Problem: Exactly as written, return every line of the data below apart from the pictures.

Source material:
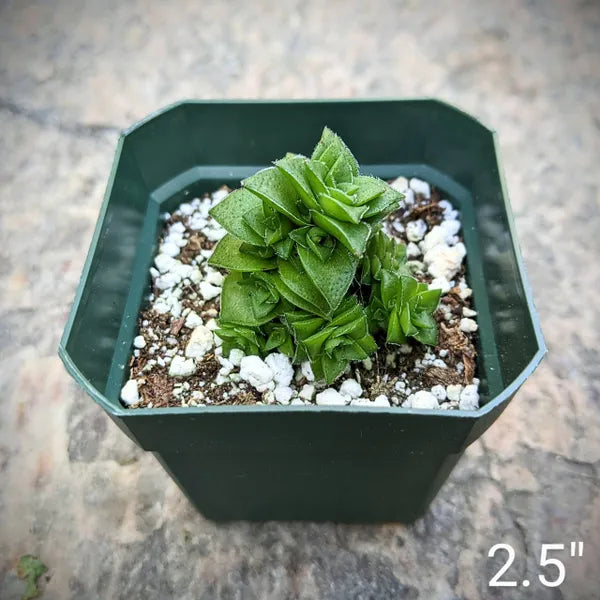 Crassula Socialis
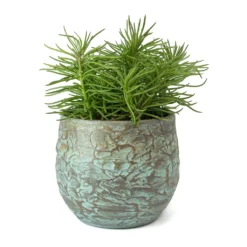 Senecio Himalaya - Himalaya Groundsel -Outlet The Ever Sprout Store Senecio Himalaya Himalaya Groundsel Evi Plant Pot Antique Bronze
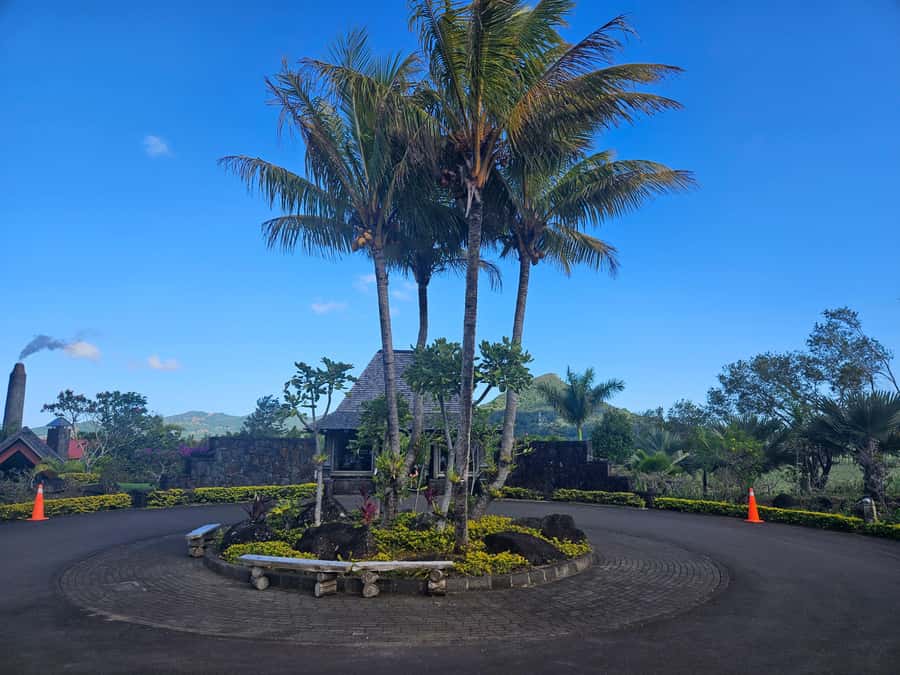 PRIVATE FULL-DAY NORTH AND SOUTH TOUR - Chamarel Waterfall and the Seven Coloured Earth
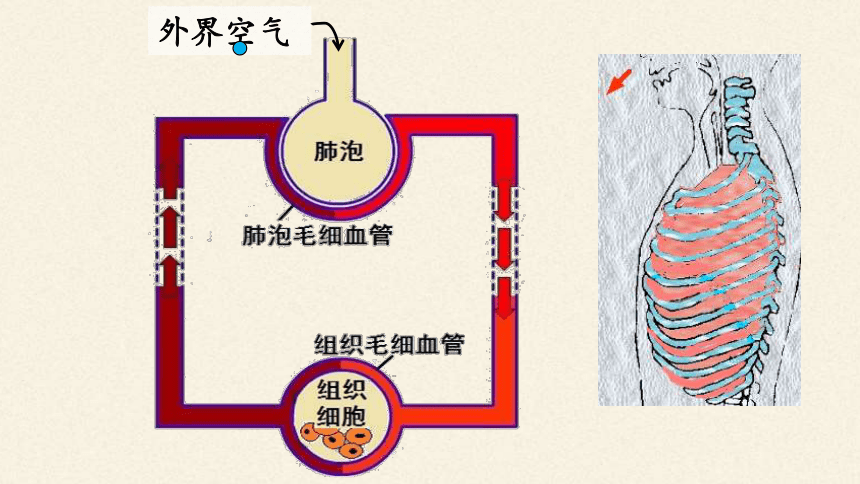 七年级下册人体生物图图片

Response area:
 Crassula Socialis
 Senecio Himalaya - Himalaya Groundsel -Outlet The Ever Sprout Store Senecio Himalaya Himalaya Groundsel Evi Plant Pot Antique Bronze
 PRIVATE FULL-DAY NORTH AND SOUTH TOUR - Chamarel Waterfall and the Seven Coloured Earth
 七年级下册人体生物图图片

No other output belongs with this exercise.